Do any lines in the data below contain "Picnic"? If so, copy every one of them.

-------- MATERIAL SHOWN --------

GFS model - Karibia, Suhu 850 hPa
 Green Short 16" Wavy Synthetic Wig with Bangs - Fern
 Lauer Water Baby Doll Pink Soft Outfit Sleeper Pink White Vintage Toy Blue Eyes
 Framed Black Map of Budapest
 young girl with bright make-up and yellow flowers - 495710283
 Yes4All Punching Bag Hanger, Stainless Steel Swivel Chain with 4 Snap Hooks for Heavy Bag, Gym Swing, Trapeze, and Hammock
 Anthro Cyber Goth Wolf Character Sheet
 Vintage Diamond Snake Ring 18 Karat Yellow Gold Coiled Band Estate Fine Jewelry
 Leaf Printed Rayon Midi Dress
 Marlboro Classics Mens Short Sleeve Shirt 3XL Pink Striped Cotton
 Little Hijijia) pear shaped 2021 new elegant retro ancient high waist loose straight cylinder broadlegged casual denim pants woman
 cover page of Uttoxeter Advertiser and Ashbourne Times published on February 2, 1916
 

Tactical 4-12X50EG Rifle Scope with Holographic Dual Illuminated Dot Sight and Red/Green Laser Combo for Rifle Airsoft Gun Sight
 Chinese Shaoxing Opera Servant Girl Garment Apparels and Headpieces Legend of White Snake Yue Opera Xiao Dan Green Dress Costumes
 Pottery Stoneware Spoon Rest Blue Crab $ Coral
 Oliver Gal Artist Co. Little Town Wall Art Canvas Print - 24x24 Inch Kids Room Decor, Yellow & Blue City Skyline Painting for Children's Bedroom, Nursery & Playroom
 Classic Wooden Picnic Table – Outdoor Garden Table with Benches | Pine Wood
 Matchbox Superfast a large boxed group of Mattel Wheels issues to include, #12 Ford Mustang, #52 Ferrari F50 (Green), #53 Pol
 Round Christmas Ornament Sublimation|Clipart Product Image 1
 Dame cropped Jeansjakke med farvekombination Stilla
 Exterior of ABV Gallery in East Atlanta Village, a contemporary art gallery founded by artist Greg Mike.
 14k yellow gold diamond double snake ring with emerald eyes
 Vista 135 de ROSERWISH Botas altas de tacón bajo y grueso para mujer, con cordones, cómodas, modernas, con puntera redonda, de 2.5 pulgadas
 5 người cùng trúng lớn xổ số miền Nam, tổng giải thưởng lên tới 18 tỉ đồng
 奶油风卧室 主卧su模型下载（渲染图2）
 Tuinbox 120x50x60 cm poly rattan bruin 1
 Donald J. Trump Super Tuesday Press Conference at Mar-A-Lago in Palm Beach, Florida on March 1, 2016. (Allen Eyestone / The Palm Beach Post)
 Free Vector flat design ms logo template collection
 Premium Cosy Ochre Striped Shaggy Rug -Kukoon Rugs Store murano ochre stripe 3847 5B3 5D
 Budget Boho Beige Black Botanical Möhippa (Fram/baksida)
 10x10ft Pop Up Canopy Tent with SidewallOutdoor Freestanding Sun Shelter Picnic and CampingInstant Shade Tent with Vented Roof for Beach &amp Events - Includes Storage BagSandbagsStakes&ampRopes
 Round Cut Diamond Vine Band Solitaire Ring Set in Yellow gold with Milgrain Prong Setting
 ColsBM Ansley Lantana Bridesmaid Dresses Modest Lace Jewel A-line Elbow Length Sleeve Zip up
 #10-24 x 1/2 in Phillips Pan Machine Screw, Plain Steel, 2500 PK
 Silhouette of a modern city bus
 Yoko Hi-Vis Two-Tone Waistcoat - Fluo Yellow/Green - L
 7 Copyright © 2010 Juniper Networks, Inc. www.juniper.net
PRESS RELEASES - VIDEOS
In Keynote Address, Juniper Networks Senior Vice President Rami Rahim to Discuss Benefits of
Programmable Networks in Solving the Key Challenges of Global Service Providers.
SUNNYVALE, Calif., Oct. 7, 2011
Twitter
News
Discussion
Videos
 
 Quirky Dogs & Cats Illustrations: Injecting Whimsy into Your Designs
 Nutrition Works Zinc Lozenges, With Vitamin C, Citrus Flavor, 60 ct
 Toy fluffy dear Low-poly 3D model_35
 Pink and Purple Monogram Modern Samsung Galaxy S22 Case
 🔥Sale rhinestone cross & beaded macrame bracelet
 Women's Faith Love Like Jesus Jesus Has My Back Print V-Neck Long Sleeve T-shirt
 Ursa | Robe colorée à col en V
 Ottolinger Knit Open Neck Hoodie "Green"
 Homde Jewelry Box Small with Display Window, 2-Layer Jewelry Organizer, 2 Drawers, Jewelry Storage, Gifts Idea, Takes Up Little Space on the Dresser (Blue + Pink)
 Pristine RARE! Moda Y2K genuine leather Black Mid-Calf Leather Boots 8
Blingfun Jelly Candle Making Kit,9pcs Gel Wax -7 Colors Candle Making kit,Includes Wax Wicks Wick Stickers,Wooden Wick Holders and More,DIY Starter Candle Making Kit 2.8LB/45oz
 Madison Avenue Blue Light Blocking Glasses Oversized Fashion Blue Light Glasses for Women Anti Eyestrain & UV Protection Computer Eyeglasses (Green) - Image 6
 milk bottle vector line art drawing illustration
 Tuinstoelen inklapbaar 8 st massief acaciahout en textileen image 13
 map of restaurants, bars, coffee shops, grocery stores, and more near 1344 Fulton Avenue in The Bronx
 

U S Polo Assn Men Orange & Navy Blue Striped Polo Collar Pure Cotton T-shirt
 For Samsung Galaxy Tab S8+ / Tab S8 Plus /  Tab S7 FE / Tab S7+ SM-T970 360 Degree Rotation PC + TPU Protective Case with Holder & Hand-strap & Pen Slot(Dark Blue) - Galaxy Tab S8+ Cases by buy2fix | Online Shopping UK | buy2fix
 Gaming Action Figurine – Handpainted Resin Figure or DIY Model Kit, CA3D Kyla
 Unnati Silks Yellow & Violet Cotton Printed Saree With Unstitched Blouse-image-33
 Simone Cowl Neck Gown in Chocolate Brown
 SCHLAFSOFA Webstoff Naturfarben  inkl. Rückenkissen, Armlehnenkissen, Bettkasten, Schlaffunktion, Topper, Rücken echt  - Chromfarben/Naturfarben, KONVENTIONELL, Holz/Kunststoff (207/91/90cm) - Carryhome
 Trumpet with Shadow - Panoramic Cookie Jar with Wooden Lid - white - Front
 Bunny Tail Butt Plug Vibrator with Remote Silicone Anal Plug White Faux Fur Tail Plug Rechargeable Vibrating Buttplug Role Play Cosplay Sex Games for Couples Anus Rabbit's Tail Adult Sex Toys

--------

REPLY TO THE EXERCISE –
 Classic Wooden Picnic Table – Outdoor Garden Table with Benches | Pine Wood
 10x10ft Pop Up Canopy Tent with SidewallOutdoor Freestanding Sun Shelter Picnic and CampingInstant Shade Tent with Vented Roof for Beach &amp Events - Includes Storage BagSandbagsStakes&ampRopes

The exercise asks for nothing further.